Xenotoca lyonsi
- Conservation status: Critically Endangered (IUCN 3.1)

Scientific classification
- Kingdom: Animalia
- Phylum: Chordata
- Class: Actinopterygii
- Division: Teleostei
- Order: Cyprinodontiformes
- Family: Goodeidae
- Genus: Xenotoca
- Species: X. lyonsi
- Binomial name: Xenotoca lyonsi Domínguez-Domínguez, Bernal-Zuñiga & Piller, 2016

= Xenotoca lyonsi =

- Authority: Domínguez-Domínguez, Bernal-Zuñiga & Piller, 2016
- Conservation status: CR

Species of fish

Xenotoca lyonsi, the Tamazula redtail splitfin, is a bony fish species in the goodeid family. Until 2016 it was considered to be a variant of the redtail goodeid, Xenotoca eiseni. A 2016 study by Omar Dominguez-Dominguez, et al. split the redtail goodeid into three separate species: Xenotoca eiseni, Xenotoca doadrioi and Xenotoca lyonsi.

==Etymology==
The fish is named in honor of the ichthyologist John Lyons, of the Wisconsin Department of Natural Resources.

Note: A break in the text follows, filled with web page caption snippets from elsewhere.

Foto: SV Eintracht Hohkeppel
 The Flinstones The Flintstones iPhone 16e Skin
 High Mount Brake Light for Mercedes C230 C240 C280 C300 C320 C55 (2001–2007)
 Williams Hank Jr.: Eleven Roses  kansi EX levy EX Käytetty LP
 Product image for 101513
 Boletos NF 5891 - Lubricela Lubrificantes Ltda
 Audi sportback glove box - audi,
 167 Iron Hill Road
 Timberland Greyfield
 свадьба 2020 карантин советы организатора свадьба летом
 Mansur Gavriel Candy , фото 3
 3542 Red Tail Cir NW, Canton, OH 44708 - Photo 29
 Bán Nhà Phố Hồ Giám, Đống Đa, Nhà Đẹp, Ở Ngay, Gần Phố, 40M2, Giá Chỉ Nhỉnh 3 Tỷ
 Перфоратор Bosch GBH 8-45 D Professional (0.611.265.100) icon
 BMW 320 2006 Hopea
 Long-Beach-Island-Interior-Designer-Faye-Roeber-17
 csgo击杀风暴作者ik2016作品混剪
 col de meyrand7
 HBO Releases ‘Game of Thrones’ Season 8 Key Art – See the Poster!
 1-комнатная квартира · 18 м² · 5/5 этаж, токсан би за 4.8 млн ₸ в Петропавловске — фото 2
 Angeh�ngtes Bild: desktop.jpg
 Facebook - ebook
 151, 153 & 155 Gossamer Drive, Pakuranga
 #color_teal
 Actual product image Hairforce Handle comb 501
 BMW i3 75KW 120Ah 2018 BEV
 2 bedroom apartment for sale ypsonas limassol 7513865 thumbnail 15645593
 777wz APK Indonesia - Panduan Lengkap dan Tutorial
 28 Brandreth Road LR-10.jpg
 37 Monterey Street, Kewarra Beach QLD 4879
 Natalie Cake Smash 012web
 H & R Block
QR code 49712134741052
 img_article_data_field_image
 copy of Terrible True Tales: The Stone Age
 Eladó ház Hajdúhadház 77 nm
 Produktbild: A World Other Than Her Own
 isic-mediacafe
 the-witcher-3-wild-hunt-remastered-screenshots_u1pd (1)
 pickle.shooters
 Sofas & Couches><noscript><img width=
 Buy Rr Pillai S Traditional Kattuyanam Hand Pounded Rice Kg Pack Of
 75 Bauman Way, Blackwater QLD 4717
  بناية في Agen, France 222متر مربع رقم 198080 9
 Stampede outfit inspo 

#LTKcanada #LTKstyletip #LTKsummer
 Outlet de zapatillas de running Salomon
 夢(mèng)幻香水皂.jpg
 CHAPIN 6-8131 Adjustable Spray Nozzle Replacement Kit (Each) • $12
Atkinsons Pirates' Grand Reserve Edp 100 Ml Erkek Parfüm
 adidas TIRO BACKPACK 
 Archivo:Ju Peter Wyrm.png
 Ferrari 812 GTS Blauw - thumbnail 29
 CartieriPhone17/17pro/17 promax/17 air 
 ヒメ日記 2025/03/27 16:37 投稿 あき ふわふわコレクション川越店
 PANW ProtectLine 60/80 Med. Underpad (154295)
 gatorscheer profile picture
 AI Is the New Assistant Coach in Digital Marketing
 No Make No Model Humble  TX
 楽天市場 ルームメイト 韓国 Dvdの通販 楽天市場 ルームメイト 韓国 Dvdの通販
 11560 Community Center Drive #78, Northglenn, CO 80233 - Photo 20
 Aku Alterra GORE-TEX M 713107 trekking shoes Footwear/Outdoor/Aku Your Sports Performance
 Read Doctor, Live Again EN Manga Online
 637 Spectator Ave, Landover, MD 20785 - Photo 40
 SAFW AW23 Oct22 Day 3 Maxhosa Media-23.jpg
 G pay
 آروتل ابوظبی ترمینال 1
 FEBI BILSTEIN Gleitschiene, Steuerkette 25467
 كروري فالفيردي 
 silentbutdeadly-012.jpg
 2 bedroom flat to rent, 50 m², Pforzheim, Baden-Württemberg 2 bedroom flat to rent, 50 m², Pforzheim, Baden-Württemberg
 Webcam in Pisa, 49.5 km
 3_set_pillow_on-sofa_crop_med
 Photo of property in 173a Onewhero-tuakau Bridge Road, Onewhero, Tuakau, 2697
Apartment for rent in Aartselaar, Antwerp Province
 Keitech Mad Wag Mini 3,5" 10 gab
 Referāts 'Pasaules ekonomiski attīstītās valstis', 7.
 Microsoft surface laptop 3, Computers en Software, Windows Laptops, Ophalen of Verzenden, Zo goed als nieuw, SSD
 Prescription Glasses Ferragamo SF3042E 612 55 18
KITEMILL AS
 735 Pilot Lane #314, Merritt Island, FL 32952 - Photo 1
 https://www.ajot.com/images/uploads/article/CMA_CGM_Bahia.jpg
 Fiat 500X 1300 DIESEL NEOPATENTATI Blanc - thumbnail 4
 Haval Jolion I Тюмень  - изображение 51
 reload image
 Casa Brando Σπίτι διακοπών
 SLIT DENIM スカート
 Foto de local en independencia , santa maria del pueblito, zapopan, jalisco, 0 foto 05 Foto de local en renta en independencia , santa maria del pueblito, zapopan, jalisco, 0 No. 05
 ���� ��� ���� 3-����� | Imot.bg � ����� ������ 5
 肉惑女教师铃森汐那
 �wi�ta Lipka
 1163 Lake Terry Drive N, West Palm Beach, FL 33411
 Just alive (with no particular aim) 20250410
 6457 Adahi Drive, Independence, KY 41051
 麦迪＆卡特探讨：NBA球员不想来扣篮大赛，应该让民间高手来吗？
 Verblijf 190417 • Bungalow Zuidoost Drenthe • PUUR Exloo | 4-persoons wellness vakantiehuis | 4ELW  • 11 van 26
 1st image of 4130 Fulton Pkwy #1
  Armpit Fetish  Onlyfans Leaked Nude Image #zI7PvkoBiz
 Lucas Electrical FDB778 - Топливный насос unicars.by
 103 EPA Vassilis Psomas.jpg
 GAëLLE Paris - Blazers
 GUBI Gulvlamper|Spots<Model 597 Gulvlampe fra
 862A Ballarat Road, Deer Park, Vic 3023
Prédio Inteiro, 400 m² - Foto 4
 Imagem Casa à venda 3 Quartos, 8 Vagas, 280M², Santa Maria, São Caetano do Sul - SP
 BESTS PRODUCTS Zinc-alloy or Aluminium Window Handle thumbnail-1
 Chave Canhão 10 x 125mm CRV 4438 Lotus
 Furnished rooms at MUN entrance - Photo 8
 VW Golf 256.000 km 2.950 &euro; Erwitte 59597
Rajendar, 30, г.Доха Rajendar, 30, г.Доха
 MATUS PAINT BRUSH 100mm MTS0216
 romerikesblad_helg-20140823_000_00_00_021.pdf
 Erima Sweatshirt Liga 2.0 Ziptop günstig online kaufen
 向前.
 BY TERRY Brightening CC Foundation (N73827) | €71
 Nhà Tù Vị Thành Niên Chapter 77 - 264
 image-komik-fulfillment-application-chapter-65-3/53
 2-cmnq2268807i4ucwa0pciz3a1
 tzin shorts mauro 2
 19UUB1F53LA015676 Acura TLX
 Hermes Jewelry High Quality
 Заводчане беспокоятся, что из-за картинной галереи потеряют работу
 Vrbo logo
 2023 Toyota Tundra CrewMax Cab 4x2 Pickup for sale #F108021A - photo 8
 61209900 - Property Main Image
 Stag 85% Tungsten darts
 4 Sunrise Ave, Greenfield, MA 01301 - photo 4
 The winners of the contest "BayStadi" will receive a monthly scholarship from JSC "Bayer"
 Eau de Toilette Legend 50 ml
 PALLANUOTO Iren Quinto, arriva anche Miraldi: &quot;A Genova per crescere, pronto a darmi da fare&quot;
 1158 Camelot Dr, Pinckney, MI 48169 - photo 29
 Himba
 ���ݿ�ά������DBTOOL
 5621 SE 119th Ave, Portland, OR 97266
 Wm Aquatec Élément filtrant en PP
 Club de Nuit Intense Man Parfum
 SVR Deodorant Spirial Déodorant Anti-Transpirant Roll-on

The IUCN lists Xenotaca lyonsi as critically endangered.

Xenotoca lyonsi is endemic to the Coahuayana River drainage in Jalisco, Mexico.

Xenotoca lyonsi reaches a standard length of 5 cm. Males are more colorful than females, with red caudal fin and caudal peduncle, and blue area in front of the red. Females are brownish or brownish grey, and sometimes have a horizontal dark band across the middle of the body.